昨晩の中継では意識したということではなく、普通に見ていて上手くて効果的な守備を見せていたので当たり前に言及させてもらいました。
得点場面を改めて見てもらうとキーパーに下げさせるポジション取りから、下げた瞬間にスピードを上げてアプローチ。
憲剛に勢いよく寄せられたシュミット・ダニエルは
選択肢が持てずに右前方へ蹴るしかなく、そのボールを登里がしっかり縦のスライドからのヘッドで跳ね返し。
大岩のコントロールミスにより憲剛のところにボールは「戻って」きました。
ボールが戻ってきてからのターンからのシュートももちろん評価すべきポイントですが、僕にはどう考えても彼の守備が生み出したゴールにしか見えませんでした。

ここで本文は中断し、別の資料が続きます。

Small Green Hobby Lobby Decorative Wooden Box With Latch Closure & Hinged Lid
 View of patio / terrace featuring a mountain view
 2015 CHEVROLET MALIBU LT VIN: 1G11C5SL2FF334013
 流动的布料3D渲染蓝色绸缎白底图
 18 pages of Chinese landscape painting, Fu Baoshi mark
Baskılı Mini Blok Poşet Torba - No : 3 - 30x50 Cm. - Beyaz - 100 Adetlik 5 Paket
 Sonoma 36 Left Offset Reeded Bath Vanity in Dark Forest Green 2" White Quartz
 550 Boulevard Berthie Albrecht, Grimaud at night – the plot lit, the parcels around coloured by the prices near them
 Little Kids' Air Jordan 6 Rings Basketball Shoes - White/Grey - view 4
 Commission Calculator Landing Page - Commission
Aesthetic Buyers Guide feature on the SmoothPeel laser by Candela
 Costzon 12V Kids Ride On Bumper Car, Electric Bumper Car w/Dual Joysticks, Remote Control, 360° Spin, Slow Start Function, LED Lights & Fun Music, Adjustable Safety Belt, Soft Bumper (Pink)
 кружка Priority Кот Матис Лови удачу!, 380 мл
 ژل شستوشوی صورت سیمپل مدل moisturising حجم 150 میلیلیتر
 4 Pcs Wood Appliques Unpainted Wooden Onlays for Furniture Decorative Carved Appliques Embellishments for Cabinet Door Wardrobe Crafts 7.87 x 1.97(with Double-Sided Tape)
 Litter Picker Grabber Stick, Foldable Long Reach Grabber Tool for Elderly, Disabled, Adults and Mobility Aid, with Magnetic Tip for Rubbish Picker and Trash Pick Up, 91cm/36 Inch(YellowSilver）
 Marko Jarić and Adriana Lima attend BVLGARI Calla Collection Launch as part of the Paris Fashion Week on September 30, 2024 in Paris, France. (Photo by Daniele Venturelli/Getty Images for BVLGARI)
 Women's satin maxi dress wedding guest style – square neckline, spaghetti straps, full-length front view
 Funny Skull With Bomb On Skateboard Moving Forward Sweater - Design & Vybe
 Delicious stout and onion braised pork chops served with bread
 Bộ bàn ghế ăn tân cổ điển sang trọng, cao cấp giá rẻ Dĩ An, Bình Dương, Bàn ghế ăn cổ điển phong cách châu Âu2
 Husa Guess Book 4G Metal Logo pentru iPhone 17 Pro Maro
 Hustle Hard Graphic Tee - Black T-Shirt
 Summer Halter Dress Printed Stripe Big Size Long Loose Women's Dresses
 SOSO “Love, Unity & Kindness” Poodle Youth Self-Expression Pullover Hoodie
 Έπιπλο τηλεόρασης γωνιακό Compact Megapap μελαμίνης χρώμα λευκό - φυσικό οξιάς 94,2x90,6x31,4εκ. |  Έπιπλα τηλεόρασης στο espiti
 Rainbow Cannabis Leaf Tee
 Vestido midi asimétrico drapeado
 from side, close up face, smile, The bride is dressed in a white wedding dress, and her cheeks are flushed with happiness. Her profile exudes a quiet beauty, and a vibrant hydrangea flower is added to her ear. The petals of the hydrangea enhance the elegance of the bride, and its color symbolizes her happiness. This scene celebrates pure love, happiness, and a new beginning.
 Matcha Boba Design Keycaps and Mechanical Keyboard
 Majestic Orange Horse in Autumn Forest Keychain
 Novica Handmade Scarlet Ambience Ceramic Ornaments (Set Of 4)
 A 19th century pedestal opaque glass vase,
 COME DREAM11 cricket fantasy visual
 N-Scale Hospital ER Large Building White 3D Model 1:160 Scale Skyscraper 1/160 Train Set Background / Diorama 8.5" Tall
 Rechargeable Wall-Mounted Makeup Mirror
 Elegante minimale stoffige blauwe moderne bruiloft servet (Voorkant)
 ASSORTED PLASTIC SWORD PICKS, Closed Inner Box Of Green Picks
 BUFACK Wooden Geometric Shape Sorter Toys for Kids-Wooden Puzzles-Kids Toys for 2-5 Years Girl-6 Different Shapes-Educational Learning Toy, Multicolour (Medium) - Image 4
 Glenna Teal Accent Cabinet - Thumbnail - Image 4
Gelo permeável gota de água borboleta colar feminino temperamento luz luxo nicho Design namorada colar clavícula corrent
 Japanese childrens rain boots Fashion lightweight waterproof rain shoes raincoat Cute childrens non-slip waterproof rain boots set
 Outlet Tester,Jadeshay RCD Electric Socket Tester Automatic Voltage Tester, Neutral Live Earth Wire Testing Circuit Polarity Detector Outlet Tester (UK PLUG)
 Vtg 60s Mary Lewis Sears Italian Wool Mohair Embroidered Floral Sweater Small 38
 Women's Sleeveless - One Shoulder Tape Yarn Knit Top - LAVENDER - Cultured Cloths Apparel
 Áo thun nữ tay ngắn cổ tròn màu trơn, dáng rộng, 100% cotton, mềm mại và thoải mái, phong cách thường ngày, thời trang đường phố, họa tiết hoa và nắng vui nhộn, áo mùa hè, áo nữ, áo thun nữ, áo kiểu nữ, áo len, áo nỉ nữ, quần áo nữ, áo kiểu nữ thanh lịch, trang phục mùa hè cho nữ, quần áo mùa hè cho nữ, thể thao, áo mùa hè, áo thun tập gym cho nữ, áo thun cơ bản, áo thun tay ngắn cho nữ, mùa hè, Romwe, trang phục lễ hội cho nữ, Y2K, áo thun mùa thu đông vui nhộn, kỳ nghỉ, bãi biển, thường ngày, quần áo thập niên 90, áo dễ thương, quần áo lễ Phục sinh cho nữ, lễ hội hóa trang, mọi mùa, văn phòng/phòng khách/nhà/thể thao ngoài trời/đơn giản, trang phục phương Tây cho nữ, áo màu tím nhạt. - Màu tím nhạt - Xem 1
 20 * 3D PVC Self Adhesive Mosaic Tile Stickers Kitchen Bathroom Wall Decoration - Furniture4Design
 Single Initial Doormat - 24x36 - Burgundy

そして中継の中で「得点場面を振り返るのであれば憲剛の守備のところから見せて欲しい」と中継スタッフにお願いをしましたが、残念ながら彼の巧みな守備は映像として紹介される事はなくシュミット・ダニエルがロングキックした直前からの映像しか出てきませんでした。
攻撃の選手だから、得点場面だからシュートだけを見せるのではなくそこに至る過程もしっかりと見せて伝えていく事がサッカーに対する理解を深めてくれます。
「中村憲剛」
確かにJリーグの歴史に残る素晴らしい攻撃的MF、稀代のパサーだと思います。
だからといって彼が攻撃だけしているのかといえば、そんなことはない。
立ち方、寄せるタイミング、角度、スピードの変化。
守備でも毎試合よく考えられた巧みな守備を見せてくれています。
僕は昨晩の試合を伝える解説者として、伝えるべき事を言語化しようと努力をしました。
そして言語化するには映像があるとより説得力と納得感が残ります。
昨晩の試合の中で憲剛が見せた守備は言語化すべきもので、試合を動かし決定付けるきっかけとなった素晴らしい守備でした。
映像を作り視聴者に見せる側の人達も、攻撃の選手だからという先入観は持たずに良いプレーを見せてくれた選手はきちんと紹介しなくてはなりません。
中継の中でお願いをする形で言葉にしたものの最後まで映像が出てくる事はなく、残念な気持ちでスタジアムを後にしました。
攻撃の選手は攻撃についてだけ触れれば良いわけではありませんし「攻撃は後ろから守備は前から」という言葉があるようにサッカーは常にチーム全体として動かなくてはならないスポーツ。
攻撃の選手の守備があって中盤以降の選手は奪いどころを見つける事が出来ます。
キーパーを含めた最終ラインの選手達のビルドアッププレーがあって中盤より前の選手達はより効果的な形で攻撃を行うことが出来ます。
サッカーを正しく見せることが我々メディアに課せられた役割だとして、昨晩の憲剛の守備こそしっかりとフォーカスし伝えていくべきものだったと今でも感じています。
何故ならそれがサッカーであり、中村憲剛だからです。
攻撃での仕事、パスやシュートだけで彼を評価するのは彼が毎試合多くの汗を流して走っている事実をなかった事にしてしまいます。
それはサッカーを正しく伝える事にはなりません。
地上波でもCSでもどこでもサッカーはサッカー、同じなんです。
表現の仕方や掘り下げ方は変えたとしても、選手が見せてくれた素晴らしいプレーは絶対に漏らさず伝えていかなくてはならない。
そう改めて感じた昨晩の中継でした。